= Frank Isola (sportswriter) =

American sportswriter

Frank Isola is an American sportswriter who covered the New York Knicks and the National Basketball Association for the New York Daily News from 1996 until 2018. He currently works for ESPN and appears on the network's shows Around the Horn and Pardon the Interruption. He is also one of the hosts of "The Starting Lineup" on SiriusXM NBA Radio.

He appears on broadcasts of Brooklyn Nets basketball games as a studio analyst on the YES Network He also worked briefly for The Athletic as a senior writer before taking a full-time position at ESPN. Isola received an APSE sports writing award in 1998 and was voted New York Sportswriter of the Year in 2015. He also received a New York Emmy Award in 2009-10 for his work on and SportsNet New York (SNY).

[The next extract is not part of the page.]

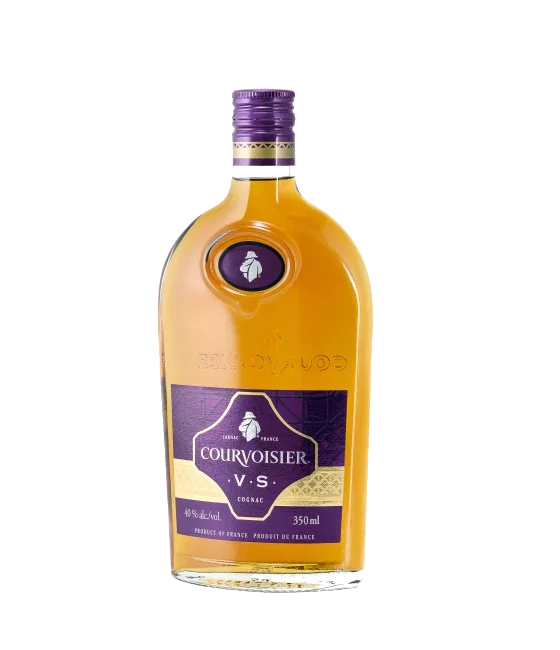 Courvoisier VS 35 cl, fles bij slijterij t Bockje in Bathmen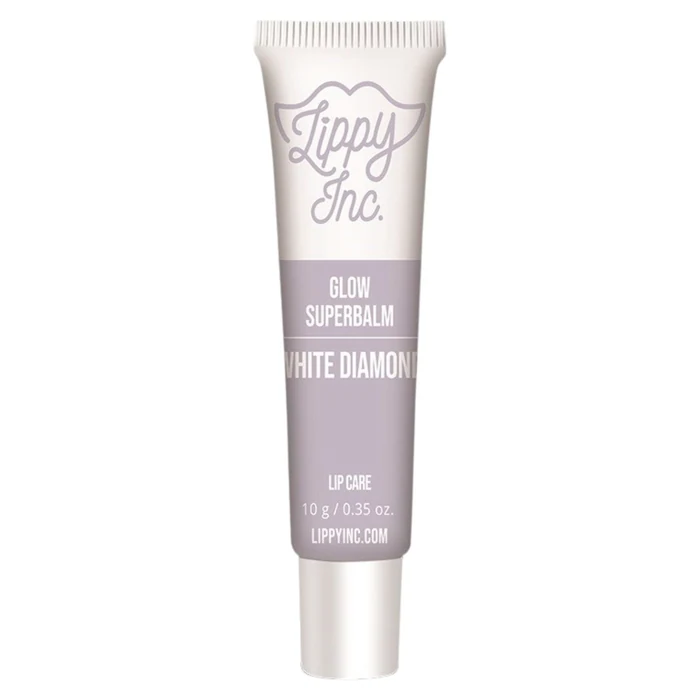 Lippy Inc. Glow Superbalm White Diamond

Isola is a graduate of the University of Maryland, College Park, where he was a walk-on member of the men's soccer team, as well as a brother of the Eta chapter of Phi Sigma Kappa. He is married to his wife Tonja and has two children. They reside in Upper Montclair, N.J. Tonja was inducted into the Manhattan College Hall of Fame for track & field. He has a son, Liam, who attended Northwestern, and a daughter, Gabby, who played for the Villanova Wildcats Women's Soccer Team. She is now a graduate assistant for the Ohio University women's soccer team.